Рет қаралды 446,828
Ben Fatmagül Hasırcı.
Beni hepiniz tanıyorsunuz. Beni tanımasanız bile yaşadığımız bu ülkede her gün Fatmagüllerin başına
neler geldiğini gazetelerden ya da televizyondan öğreniyorsunuz.
Şiddete, tacize, tecavüze ses çıkaramayan kadınların hikâyelerini her gördüğünüzde birkaç saat
üzülüp sonra hayatınıza devam ediyorsunuz.
Takım elbisesi indirimi alanlara çanak tutuyorsunuz. Bu davalara her ses çıkarmadığınız gün, ses
çıkarmadığı için rızası var sayılan kadınları, çocukları, hayvanları sessiz çığlıklarında boğuyorsunuz.
Ben Fatmagül… İşte onlardan biriyim.
Bana beş kişi saldırdığında 16 yaşındaydım. Arkamda duracak ne annem ne de babam vardı. Hatta
arkamda duracak bir Kanun bile yoktu.
O zamanlar TCK’nın 439. maddesine göre tecavüz eden kişiyle evlendiğimde dava düşüyordu. İşte
bundan yola çıkan Sevgili Vedat Türkali 1970’lerde, “Umutsuz Şafaklar” adıyla bir senaryo yazmıştı.
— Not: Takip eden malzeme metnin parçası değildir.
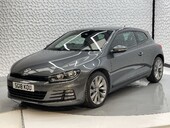 Volkswagen Scirocco GT TSI BLUEMOTION TECHNOLOGY DSG 3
Süreyya Duru da 1986 yılında “Fatmagül’ün Suçu Ne?” olarak hikâyemi beyazperdeye uyarladı. Beni
bu filmden Hülya Avşar canlandırdı. Daha sonra bu senaryo 2011 yılında, Sebahat Altıparmakoğlu
tarafından öykü kitabı olarak yayımlandı.
Ancak burada ben; pısırık, sinik, her denilene evet diyen; tecavüzcünle evleneceksin deyince ses
çıkaramayan, sanki bugün yaşadığımız ataerkil toplumun bir devamı gibiydim.
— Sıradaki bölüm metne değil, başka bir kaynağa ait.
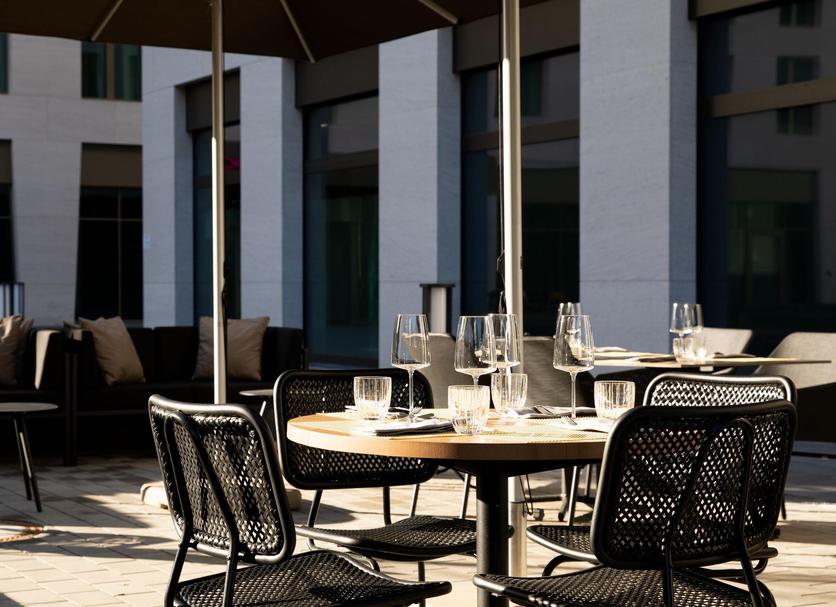 Restaurant Fotografie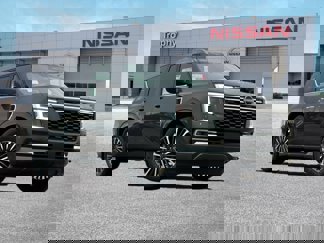 New 2025 Nissan Armada Platinum Reserve image 1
Celladıma âşık olmak zorunda bırakıldım. Ne dedilerse yaptım. Başıma gelen felaketin acısını bile
yaşayamadım. Belki o zamanın toplumunu çizmek istemişlerdi; ama genç bir kadın olarak beni silik bir
tip olarak resmetmişlerdi…
Oysa 2010 yılında Beren Saat’in oynadığı Fatmagül beni daha iyi canlandırdı. Yönetmen Hilal Saral ve
senaristler bir nevi beni daha iyi yansıttılar.
Adımı değiştirdiler. Fatmagül Ketenci yaptılar. Böylece benden başka bir Fatmagül yarattılar.
Benim acılarımı, mücadelemi, hırsımız, öfkemi gösterdiler. Bir kadının başına gelen bu tecavüz
olayının peşini bırakmadılar. Suçluların nasıl cezalandırıldığını gösterdiler.
Ancak onlar da normalde beni istismar eden Kerim’i sadece olayı engelleyemeyen, bundan pişmanlık
duyan biri olarak anlattılar. Böylece dizide bir aşk hikâyesi yarattılar. Çünkü Türk halkı aşka
inandığında, böyle bir pisliği bile affeder, biz de reytingimize bakarız diye düşündüler.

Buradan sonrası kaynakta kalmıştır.